Refinery to be shutdown for maintenance

It will be for 10 weeks starting in July, units will be shutdown in stages

May 29, 2012 12:53 am | Updated November 17, 2021 10:56 am IST - CHENNAI

Chennai Petroleum Corporation Limited (CPCL) is planning a 10-week-long maintenance shutdown of its refinery in suburban Manali starting July.

As this may affect the availability of petroleum products, oil marketing companies such as Indian Oil Corporation will be making alternative arrangements to meet the demand, especially that of petrol and diesel.

Since this is a planned shutdown, and to be taken up in stages, the companies, given the lead time available, are confident of managing the situation, say oil industry sources. A lot would depend on the arrangements and coordination between the companies, as otherwise the consequences are likely to be felt beyond the city as the refinery feeds petroleum products across the State.

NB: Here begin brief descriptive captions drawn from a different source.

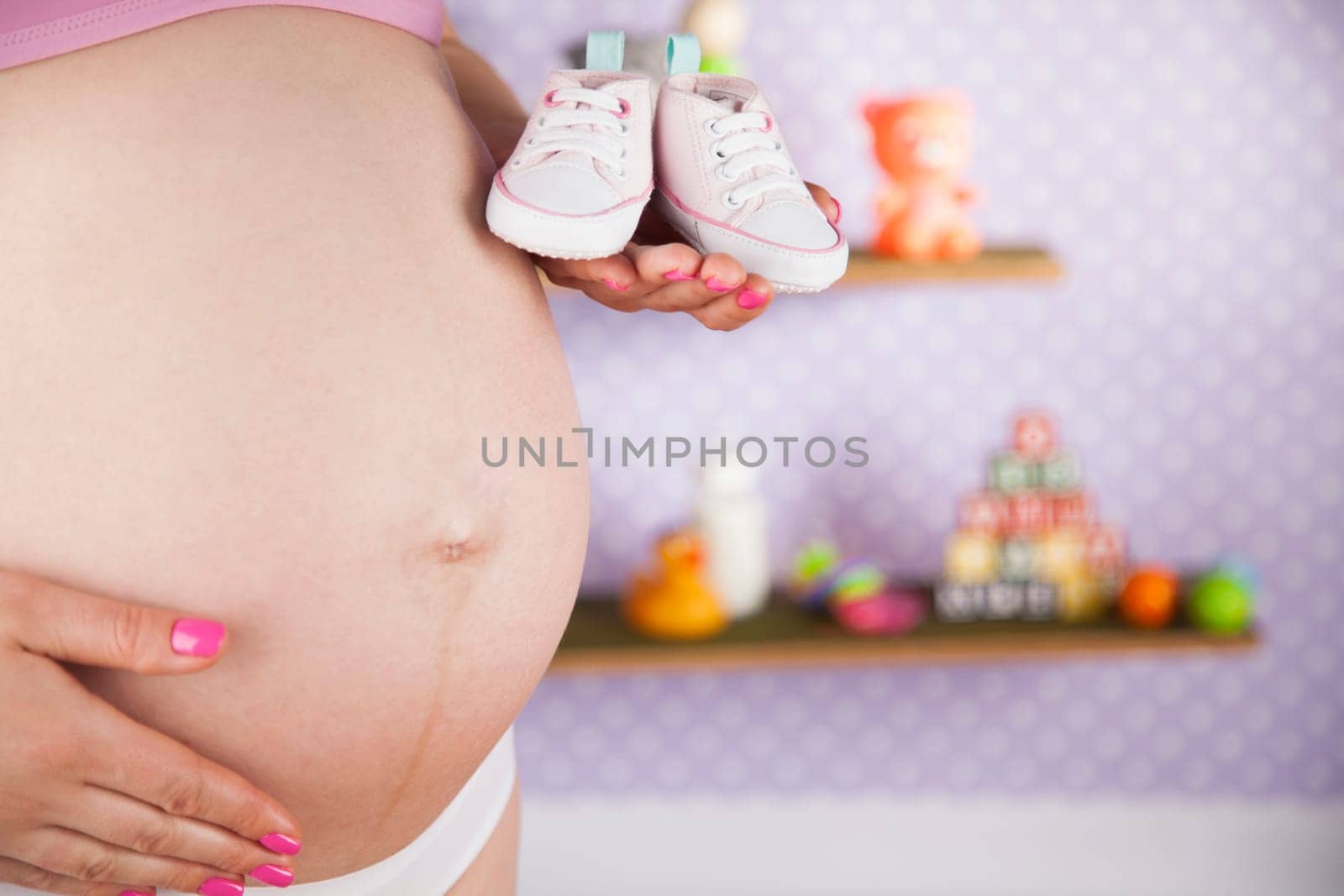 Pregnant woman holding baby shoes in her hands
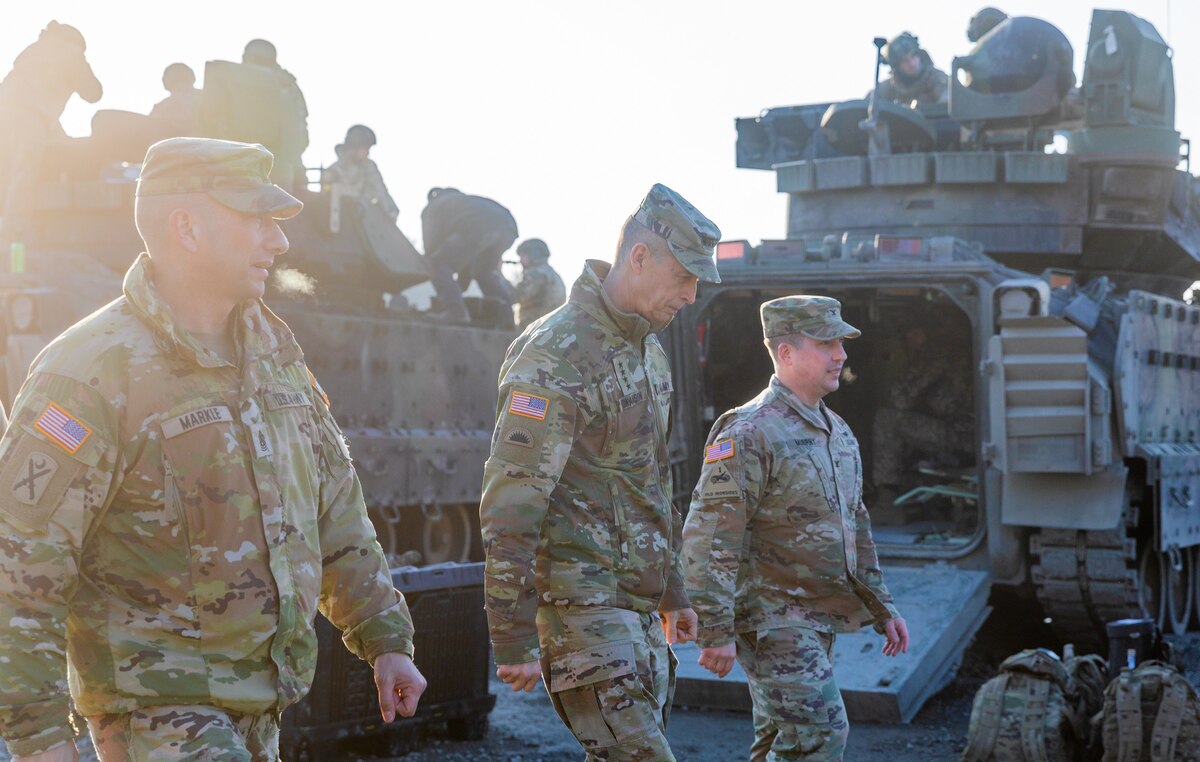 U.S. Army Command Sgt. Maj. Daniel Markle, left, and Col. William Murphy, right, command sergeant major and commander of Task Force Orion, 27th Infantry Brigade Combat Team, New York Army National Guard, walk with Gen. Daniel Hokanson, chief of the National Guard Bureau, through a camp in Grafenwoehr, Germany, March 1, 2023.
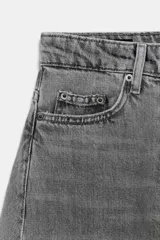 Jeans de tiro medio con diseño de pierna tipo balloon y largo al tobillo. Presenta cinco bolsillos, cierre frontal con cremallera y botón, y un acabado con efecto lavado.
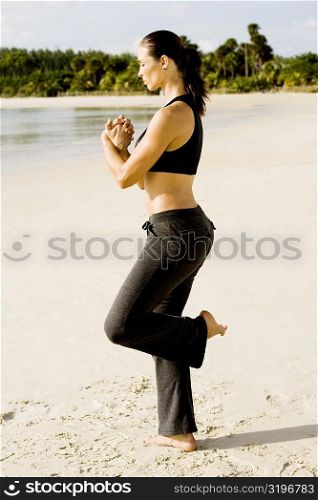 Side profile of a young woman practicing martial arts on the beach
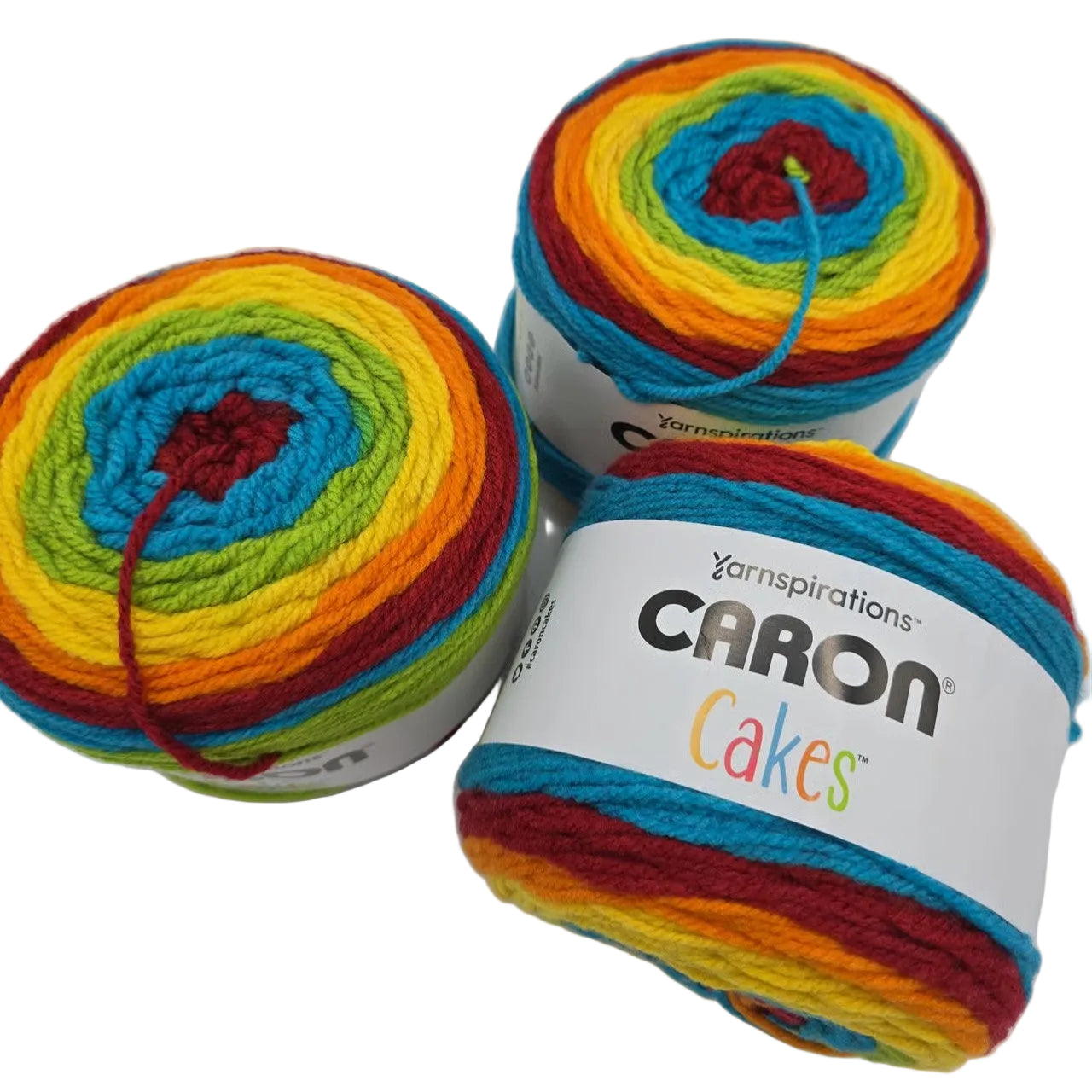 3 cakes of caron of yarn in the color rainbow sprinkles with label on a white background.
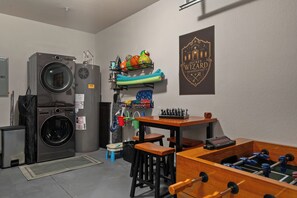 Ein Waschraum mit Waschmaschine, Trockner und Bügelbrett. Ein Tisch mit Tischfußball und ein Regal mit Sportbällen.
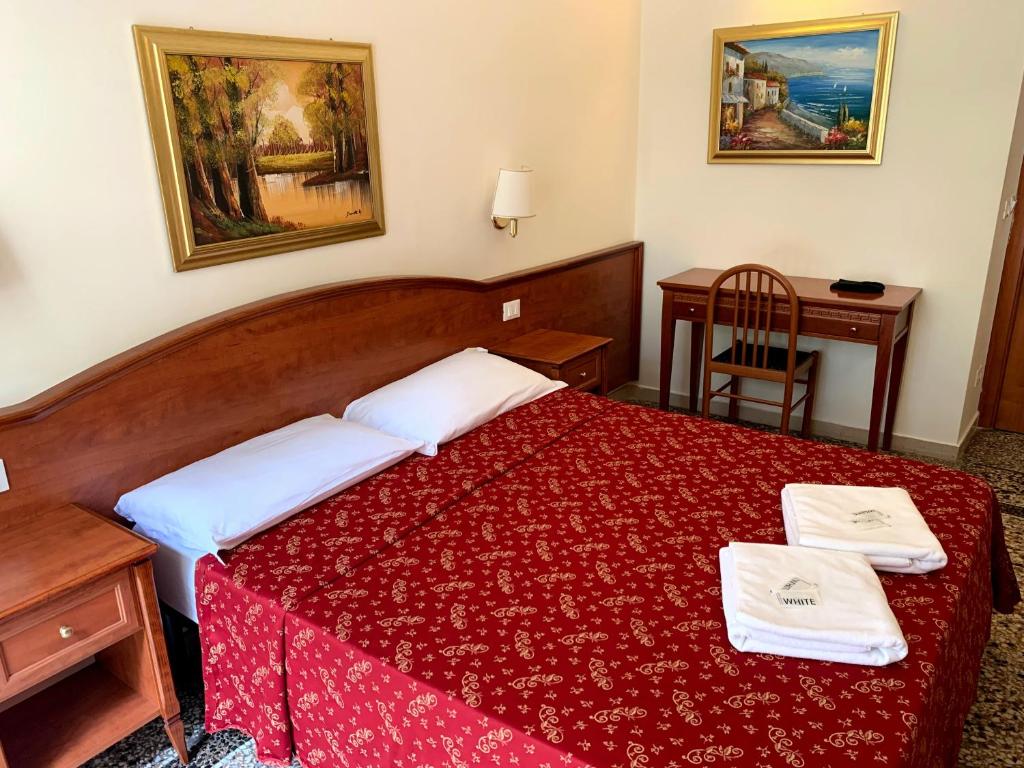 a hotel room with a red bed with two towels on it at Paramount in Rome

The Manali refinery accounts for 10.5 million tonnes (MT) of the 11.5 MT refining capacity of the State. CPCL said it achieved a crude throughput of 10.56 million tonnes in 2011-12. It included the highest ever production of petrol, of one million tonne, and 3.91 million tonne of diesel.

CPCL, a group company of IOC, also owns the other refinery in the State – a one million-tonne facility in Cauvery Basin, Nagapattinam. IOC is in charge of the marketing of CPCL products. The bulk of the movement is through the Chennai-Tiruchi-Madurai (CTM) product pipeline of IOC from the Manali refinery.

The bulk of the requirements of the State are met from the Manali refinery, where petrol and diesel conforming to both the BS-IV fuel emission norms, supplied only in Chennai, as well as BS-III variety, supplied to the rest of Tamil Nadu, are produced.

CPCL products are also supplied to Bangalore, through a pipeline, and some parts of Andhra Pradesh.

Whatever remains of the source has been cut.